Model is a ‘work of art’
Jack Reilly, who brought out the first edition of his popular book The Caledon Shipyard in 2012, describes the model as “just a work of art”.
The Dundee-born great grandfather of three and grandfather of six, who grew up in the Hilltown, started as an apprentice at Caledon aged 15.
During his apprenticeship he got into the engineering drawing office and then later the design and estimating office.
After a spell at sea as an engineering officer with Royal Mail Lines, he returned to Caledon as assistant chief of the design and engineering department before being promoted to department chief by the age of 25.
In 1972, he was promoted to technical manager, remaining in position until Caledon closed in 1981.

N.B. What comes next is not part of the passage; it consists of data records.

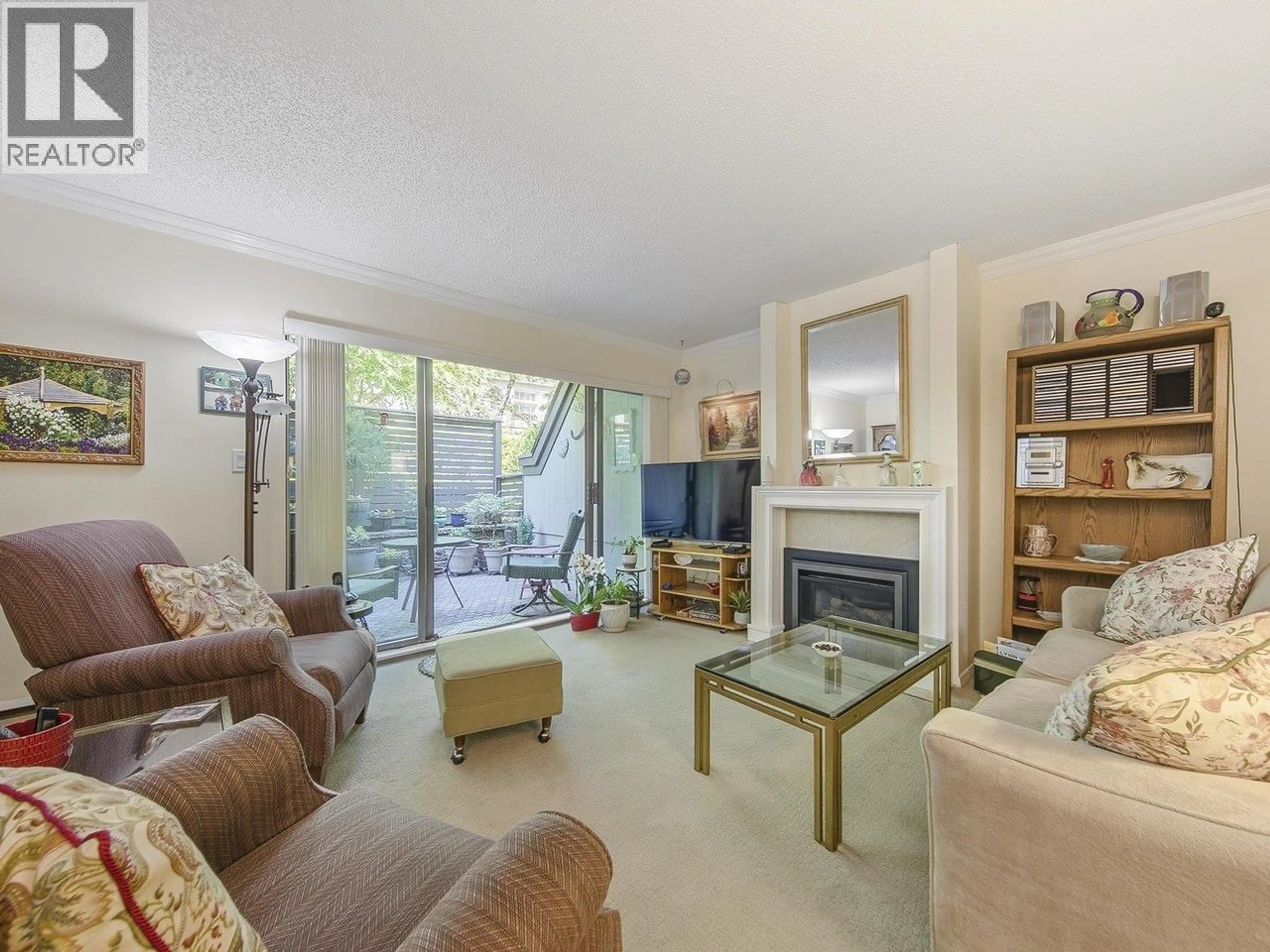Living room with furniture, unknown for 3184 MOUNTAIN HIGHWAY, North Vancouver British Columbia V7K2H5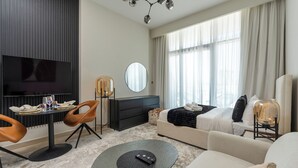 舒適開放式客房, 露台, 城市景 | 埃及棉床單、高級寢具、記憶棉床墊、書桌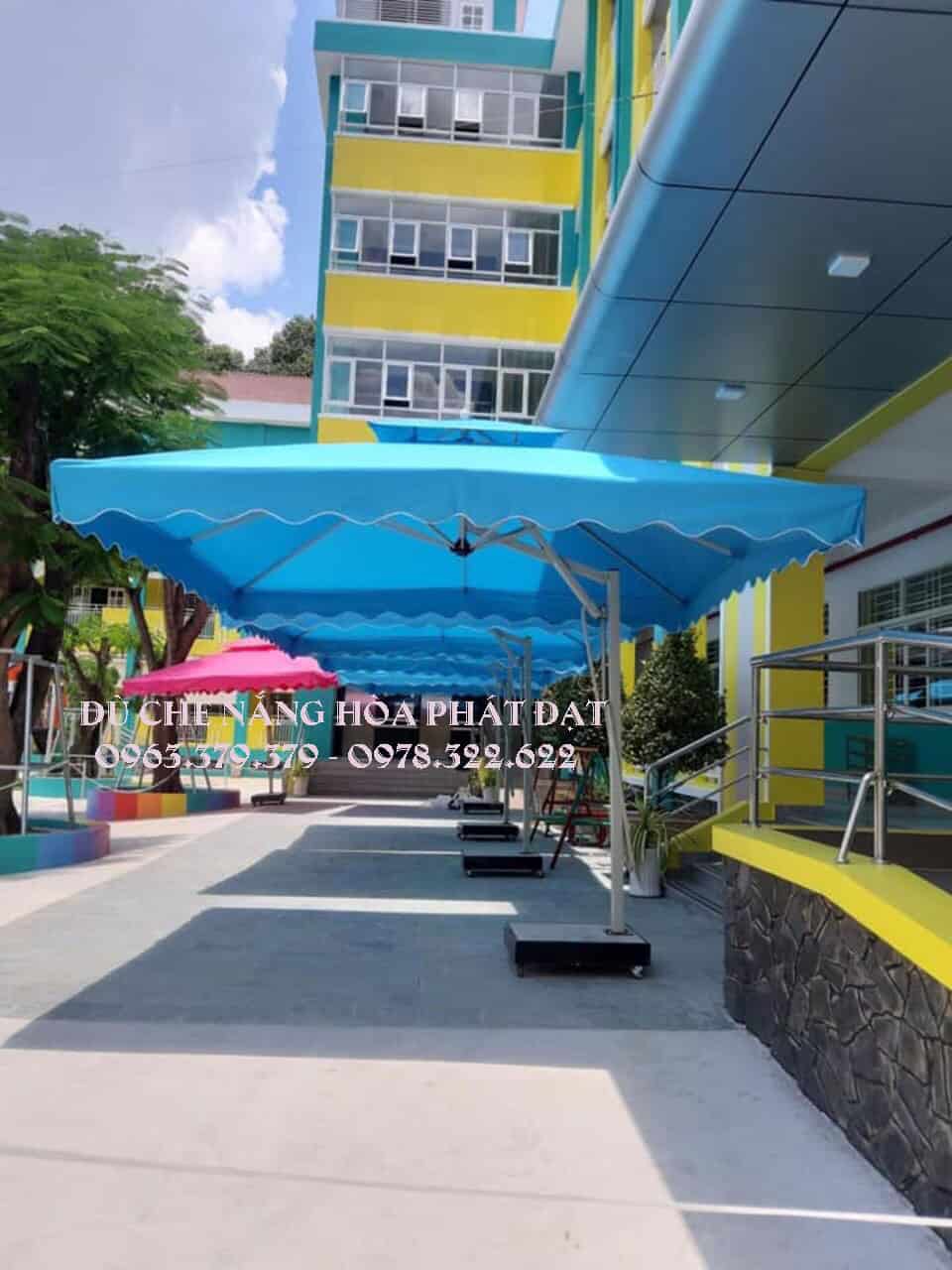Mẫu dù che nắng trang trí sân vườn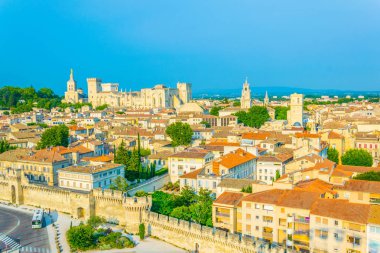 Cityscape Avignon Palais des Papes ve katedral Our Lady, Frangı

“There are a few models in the McManus which I was involved in getting,” says the 81-year-old, who, in 1992, went on to become director of shipbuilding and head of security at Malaysia Shipbuilding & Engineering Company in the state of Johor, Malaysia, before returning to the UK in 2000.
“But of all the models I’ve seen around the world, this is the most impressive.”
Judging by the feedback to his book, which saw its expanded fifth edition come out last year, and which is for sale at the McManus, he knows there’s huge fascination about the legacy of Caledon and the human tales of those who worked there in the city and beyond.
If there’s to be a sixth edition of his book in future, however, he hopes it’ll include a section detailing how the magnificent model of the Glenearn has finally “come home”!
National Maritime Museum position
A spokesperson for The National Maritime Museum told The Courier they have not been officially approached regarding the loan of the shipyard model of the cargo and passenger liner TSMV Glenearn.
“Currently, the model can be viewed at No1 Smithery Store at The Historic Dockyard Chatham, via the glassed public corridor,” the spokesperson added.
“The model can also be viewed in detail by appointment”.